As a child on holiday in France, I could never understand the French families who nibbled greedily on warm baguettes straight from the boulangerie. Not to wait for some salty butter and sweet, apricot jam seemed ridiculous. They must have been ravenous or simply ignorant. A pain au chocolate, or a pain au raisin could easily be scoffed before stepping out of the shop but plain, old baguette – nope, I never understood.
Until that is, we moved to the south of France in 2002. Perhaps it was my increased appetite due to pregnancy or toddlers, more pregnancies and again more toddlers, or perhaps I just wanted to fit in to a foreign land but before the first month was up, the smell of a fresh baguette heating my hand was utterly irresistible.
You don’t just ask for a baguette in France. Like with their meat, it’s all in the cooking – ‘Bien cuite’, ‘Pas trop cuite’ or ‘Blanche’. (Translated roughly as well cooked, medium or rare). It’s always ‘Blanche’ for me but never forget that no two bakeries are alike and everyone living in France will have their unshakeable favourite. For our family, it’s l’Amandine in Calvisson every time but Aux 13 Desserts in Caveirac is a close second, especially for their scrumptious tarts.

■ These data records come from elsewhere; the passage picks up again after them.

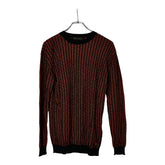 ヴェルサーチェ メデューサ ニット サイズ44 オレンジ ブラック レーヨン コットン メンズ VERSACE 【中古】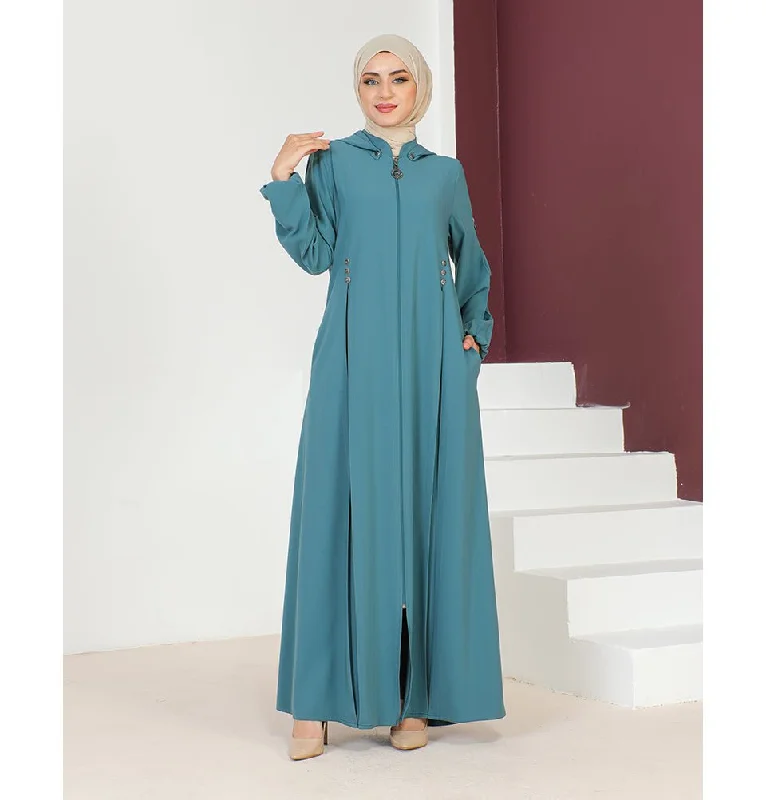 Buy Now Modest Muslim Woman Detachable Hood Zip Up Abaya - 1132 Turquoise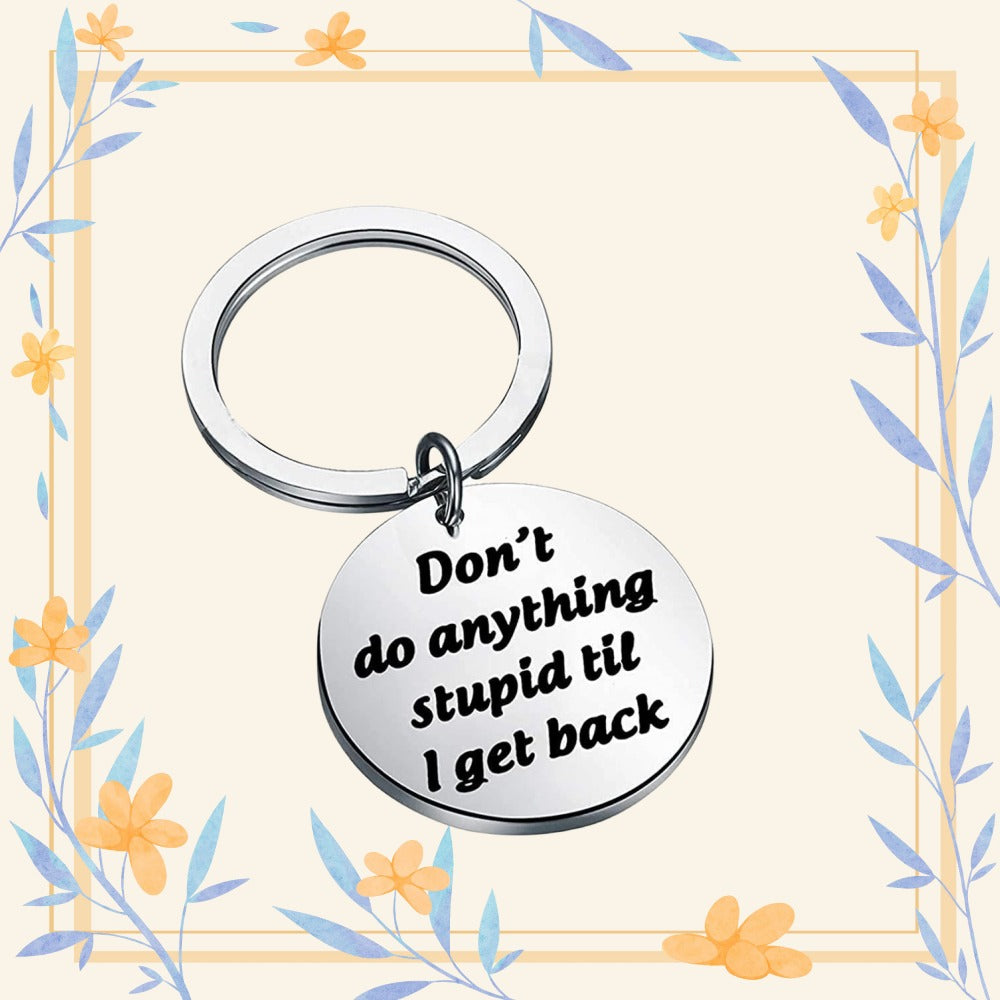 Stainless Steel Round Keychain Key Ring Funny Key Chain Pendant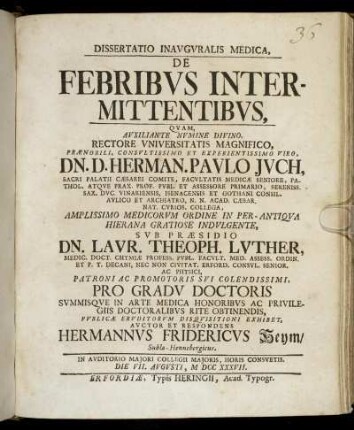 Dissertatio Inauguralis Medica De Febribus Intermittentibus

Now we live in London for the majority of the year, I am on a quest to find my perfect baguette on this side of the Channel. Despite some excellent local bakeries, the ‘desperate to stuff it in your mouth’ baguette, has so far eluded me. This is the beginning of my quest, so I will keep you posted but if anyone has any hot tips, I will happily go hunting. We are in North London but I am eager to travel all over the big smoke for that satisfying stick of bread which promises happiness, holidays and to me, tantalising food to come.